Greenwich Mountain Lion a traveling feline?
It is almost unbelievable but Connecticut wildlife officials say it's true.
In what’s being called the longest journey a mountain lion has ever taken in the United States, a cougar , Conn. six weeks ago—believed by some to be the same cougar , Conn.—traveled 1,100 miles from Minnesota to get to New England, Connecticut officials said July 26.
According to the Connecticut Department of Energy and Environmental Protection, analysts' data show that the feline known in South Dakota as the “St. Croix Cougar” journeyed from that state’s Black Hills, through Minnesota and Wisconsin and across the Midwest—likely southern Ontario, Canada—eventually to Greenwich, where it met its end after being a hit by a SUV on the Wilbur Cross parkway in Milford.
“This is an incredible journey, nearly double that of any mountain lion [ever recorded],” Connecticut DEEP Commissioner Dan Esty said during a press briefing.
Glenville blaze injures firefighters
A home on Deep Gorge Road was heavily damaged by a fire caused by an improperly discarded cigarette on July 27.
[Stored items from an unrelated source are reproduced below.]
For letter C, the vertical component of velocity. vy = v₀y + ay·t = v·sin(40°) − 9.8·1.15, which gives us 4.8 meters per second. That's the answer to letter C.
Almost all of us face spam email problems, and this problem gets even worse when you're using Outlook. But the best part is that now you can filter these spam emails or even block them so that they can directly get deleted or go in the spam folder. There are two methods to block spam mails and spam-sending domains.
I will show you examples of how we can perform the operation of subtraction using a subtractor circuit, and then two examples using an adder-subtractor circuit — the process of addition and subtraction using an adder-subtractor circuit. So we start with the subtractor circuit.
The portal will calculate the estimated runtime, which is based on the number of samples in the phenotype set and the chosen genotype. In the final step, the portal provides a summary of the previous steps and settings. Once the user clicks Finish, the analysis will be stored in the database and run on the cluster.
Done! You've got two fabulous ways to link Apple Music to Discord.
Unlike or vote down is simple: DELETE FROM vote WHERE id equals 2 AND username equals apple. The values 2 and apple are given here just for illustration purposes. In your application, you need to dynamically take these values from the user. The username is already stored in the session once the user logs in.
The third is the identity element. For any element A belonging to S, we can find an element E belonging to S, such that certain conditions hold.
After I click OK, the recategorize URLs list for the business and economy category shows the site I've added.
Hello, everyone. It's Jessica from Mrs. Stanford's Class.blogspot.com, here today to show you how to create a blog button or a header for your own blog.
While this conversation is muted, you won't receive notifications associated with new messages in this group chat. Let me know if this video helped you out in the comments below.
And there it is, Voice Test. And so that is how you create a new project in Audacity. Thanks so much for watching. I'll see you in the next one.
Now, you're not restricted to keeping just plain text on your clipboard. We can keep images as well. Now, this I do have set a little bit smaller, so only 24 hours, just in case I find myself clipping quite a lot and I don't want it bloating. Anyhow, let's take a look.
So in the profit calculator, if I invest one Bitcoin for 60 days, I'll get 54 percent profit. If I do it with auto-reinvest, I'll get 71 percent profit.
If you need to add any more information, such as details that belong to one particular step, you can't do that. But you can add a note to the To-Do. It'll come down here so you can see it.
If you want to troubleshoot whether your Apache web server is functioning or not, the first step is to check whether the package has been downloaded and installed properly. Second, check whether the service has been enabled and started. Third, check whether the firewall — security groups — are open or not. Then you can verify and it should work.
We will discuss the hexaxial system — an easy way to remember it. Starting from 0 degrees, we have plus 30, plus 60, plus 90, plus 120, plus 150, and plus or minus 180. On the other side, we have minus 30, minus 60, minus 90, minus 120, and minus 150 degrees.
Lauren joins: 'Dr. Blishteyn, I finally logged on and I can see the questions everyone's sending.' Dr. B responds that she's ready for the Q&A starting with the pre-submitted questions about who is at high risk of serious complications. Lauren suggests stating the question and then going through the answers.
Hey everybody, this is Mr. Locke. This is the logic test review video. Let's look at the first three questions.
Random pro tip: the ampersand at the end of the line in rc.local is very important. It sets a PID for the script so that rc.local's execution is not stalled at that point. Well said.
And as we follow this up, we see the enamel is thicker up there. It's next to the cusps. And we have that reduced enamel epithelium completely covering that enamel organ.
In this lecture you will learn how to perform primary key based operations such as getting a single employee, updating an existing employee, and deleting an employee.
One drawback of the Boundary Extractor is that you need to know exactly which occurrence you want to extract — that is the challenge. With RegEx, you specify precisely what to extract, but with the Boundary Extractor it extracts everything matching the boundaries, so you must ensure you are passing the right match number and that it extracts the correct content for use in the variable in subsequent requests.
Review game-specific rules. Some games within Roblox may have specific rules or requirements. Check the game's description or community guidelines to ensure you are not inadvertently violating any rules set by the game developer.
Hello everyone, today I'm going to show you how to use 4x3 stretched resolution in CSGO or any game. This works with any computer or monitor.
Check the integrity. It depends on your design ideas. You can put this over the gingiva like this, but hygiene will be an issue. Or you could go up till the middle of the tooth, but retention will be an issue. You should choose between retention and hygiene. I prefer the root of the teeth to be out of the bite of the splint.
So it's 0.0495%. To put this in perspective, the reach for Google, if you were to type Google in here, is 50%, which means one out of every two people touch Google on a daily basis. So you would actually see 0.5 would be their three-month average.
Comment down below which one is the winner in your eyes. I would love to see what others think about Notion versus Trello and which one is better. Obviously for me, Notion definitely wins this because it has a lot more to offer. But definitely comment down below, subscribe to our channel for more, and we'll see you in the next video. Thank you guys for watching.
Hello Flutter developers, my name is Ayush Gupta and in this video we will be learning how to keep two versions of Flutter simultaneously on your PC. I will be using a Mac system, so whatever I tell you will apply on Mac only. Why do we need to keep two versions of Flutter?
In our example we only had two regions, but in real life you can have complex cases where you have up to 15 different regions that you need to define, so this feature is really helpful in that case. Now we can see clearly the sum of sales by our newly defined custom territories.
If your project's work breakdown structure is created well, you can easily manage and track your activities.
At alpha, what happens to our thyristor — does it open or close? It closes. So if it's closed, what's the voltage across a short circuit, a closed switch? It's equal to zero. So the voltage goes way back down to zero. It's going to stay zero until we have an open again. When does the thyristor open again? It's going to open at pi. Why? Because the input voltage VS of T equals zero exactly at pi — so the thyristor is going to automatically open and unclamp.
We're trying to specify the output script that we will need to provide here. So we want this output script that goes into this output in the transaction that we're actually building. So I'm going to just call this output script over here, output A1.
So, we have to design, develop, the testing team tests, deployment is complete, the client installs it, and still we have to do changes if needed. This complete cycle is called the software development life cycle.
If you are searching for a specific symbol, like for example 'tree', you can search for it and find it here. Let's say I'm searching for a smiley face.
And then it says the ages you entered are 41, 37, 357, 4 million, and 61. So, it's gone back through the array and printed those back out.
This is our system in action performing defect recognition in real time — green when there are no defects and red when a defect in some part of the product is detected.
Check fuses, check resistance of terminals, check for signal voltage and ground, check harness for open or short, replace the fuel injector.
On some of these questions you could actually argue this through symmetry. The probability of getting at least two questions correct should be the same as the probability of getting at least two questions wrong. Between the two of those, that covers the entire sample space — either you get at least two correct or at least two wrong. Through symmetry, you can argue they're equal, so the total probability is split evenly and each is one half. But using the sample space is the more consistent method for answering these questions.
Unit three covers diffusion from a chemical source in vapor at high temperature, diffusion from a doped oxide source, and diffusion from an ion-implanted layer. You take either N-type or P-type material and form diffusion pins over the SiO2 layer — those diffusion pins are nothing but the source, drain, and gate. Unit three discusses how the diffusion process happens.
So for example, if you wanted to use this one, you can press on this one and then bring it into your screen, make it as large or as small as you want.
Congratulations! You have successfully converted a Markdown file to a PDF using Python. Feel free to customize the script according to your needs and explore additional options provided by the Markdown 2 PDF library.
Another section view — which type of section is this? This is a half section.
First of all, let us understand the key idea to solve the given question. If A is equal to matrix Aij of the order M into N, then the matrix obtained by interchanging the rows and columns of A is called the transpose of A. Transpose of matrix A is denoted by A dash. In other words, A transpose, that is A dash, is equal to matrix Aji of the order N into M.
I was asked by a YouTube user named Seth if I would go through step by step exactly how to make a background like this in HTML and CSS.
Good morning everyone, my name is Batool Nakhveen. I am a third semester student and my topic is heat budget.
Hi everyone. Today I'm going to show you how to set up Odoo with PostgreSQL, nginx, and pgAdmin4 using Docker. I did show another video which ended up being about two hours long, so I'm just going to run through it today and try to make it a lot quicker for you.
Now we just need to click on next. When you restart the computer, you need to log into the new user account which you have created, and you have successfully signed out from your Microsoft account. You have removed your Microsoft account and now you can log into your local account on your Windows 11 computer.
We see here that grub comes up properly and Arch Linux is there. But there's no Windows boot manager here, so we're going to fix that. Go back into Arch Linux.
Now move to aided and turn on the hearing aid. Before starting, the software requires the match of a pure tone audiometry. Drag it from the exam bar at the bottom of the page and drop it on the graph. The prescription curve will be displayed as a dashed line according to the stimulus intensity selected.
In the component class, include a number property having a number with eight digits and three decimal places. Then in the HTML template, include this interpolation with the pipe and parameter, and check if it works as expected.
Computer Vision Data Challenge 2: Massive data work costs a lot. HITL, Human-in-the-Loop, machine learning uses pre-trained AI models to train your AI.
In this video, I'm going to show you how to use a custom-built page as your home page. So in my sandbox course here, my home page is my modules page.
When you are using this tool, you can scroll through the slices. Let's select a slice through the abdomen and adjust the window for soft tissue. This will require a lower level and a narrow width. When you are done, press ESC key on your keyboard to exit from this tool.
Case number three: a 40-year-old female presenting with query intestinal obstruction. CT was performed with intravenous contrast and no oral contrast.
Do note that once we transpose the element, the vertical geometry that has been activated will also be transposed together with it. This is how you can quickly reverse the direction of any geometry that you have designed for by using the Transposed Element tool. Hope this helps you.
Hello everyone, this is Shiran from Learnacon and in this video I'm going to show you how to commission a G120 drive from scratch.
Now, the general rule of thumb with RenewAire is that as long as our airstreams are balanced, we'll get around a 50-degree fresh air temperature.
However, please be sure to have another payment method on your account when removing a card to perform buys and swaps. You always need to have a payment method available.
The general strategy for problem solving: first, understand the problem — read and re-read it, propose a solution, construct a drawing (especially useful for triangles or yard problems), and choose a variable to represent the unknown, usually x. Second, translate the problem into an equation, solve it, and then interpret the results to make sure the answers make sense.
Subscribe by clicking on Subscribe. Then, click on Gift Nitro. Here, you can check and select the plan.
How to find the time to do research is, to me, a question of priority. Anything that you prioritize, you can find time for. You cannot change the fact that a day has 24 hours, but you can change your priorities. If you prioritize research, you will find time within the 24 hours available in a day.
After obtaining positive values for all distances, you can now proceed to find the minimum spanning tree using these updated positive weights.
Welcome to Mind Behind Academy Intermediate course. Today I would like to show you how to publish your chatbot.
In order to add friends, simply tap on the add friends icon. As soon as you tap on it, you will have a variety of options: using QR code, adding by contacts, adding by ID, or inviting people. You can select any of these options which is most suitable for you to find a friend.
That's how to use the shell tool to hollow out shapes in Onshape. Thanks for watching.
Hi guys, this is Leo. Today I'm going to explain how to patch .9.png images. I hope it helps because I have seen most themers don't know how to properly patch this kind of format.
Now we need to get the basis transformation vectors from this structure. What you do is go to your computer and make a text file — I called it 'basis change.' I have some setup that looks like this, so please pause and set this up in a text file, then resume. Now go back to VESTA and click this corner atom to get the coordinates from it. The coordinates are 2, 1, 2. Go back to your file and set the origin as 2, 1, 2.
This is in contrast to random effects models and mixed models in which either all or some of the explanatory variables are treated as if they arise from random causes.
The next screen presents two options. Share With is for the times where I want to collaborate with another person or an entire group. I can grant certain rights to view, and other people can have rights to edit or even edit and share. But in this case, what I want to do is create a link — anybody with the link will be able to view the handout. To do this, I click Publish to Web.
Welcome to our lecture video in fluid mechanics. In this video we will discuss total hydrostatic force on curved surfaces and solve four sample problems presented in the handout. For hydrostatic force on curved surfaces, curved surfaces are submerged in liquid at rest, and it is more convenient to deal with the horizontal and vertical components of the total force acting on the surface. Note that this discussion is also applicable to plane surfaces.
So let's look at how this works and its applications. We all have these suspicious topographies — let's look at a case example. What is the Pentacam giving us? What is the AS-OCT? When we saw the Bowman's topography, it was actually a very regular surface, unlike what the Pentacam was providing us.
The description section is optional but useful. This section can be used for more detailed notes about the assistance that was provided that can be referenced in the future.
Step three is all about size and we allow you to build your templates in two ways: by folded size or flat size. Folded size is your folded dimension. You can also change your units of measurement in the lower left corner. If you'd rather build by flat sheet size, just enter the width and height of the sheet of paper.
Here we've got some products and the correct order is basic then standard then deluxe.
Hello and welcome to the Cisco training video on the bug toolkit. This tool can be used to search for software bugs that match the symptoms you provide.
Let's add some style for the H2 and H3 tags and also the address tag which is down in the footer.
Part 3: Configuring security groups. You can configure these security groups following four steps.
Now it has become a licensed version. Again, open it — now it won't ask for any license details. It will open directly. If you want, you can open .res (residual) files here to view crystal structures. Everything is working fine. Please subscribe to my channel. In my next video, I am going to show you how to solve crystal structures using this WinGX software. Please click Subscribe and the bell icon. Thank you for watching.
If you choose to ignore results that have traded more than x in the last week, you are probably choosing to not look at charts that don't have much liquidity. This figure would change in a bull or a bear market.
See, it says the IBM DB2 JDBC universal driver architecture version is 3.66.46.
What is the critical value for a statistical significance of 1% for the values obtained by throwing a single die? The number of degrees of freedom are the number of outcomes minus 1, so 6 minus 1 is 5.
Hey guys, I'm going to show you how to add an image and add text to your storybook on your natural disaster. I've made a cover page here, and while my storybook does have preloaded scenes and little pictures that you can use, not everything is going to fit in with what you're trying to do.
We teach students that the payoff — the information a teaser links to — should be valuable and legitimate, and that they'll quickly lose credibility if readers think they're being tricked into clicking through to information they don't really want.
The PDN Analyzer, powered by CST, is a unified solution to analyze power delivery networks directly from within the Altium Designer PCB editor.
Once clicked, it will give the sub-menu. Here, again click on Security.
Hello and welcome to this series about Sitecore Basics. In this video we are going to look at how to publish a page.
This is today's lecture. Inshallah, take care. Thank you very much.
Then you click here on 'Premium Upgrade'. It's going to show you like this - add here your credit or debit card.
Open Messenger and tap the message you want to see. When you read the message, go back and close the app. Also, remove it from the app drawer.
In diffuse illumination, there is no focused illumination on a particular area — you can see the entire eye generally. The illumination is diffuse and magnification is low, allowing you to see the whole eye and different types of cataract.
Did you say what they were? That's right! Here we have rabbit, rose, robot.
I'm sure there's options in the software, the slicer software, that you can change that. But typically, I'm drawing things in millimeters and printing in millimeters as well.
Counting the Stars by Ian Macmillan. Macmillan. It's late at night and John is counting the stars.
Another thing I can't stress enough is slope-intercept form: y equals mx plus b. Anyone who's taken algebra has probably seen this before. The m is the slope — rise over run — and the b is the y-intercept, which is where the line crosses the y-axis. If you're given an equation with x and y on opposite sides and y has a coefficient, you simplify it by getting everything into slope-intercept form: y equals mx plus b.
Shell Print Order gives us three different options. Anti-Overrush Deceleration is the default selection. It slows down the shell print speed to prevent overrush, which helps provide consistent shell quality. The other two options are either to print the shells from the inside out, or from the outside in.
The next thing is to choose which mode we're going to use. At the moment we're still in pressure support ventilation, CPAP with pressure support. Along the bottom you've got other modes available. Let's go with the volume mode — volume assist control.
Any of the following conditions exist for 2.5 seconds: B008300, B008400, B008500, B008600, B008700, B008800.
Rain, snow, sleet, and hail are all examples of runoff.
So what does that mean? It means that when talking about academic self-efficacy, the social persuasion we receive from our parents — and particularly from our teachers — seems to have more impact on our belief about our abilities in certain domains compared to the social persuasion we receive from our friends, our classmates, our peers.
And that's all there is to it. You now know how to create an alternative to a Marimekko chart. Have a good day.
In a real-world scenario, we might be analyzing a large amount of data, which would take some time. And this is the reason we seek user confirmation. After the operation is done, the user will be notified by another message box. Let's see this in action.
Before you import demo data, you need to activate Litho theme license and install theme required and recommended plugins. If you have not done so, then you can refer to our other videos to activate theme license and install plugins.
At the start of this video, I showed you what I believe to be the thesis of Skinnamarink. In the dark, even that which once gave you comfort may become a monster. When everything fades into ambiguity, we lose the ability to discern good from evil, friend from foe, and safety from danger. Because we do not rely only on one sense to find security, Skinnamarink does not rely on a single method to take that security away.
According to Greenwich Fire Chief Peter Siecienski, a cigarette discarded in a garbage can ignited the wood deck at the rear of 27 Deep Gorge Rd. and spread to the second and third floors of the single family home, causing extensive fire and smoke damage. Several firefighters received minor injuries, the chief said.
A family cat perished in the fire.
Water woes in Glenville
A major water main break shut down the center of Glenville Thursday and Friday. Just as the noon lunch time rush was beginning, the main located in the intersection of Glenville and Riversville roads ruptured, spewing thousands of gallons of water into the roadway.
As crews tried to shut off the water supply, the roadway buckled, prompting the closure of the major artery connecting King Street, Riversville Road, Glenville Steet and Glenville Road to the center of town. The closures caused long backups on King Street and Comly Avenue as motorists tried to find alterate routes.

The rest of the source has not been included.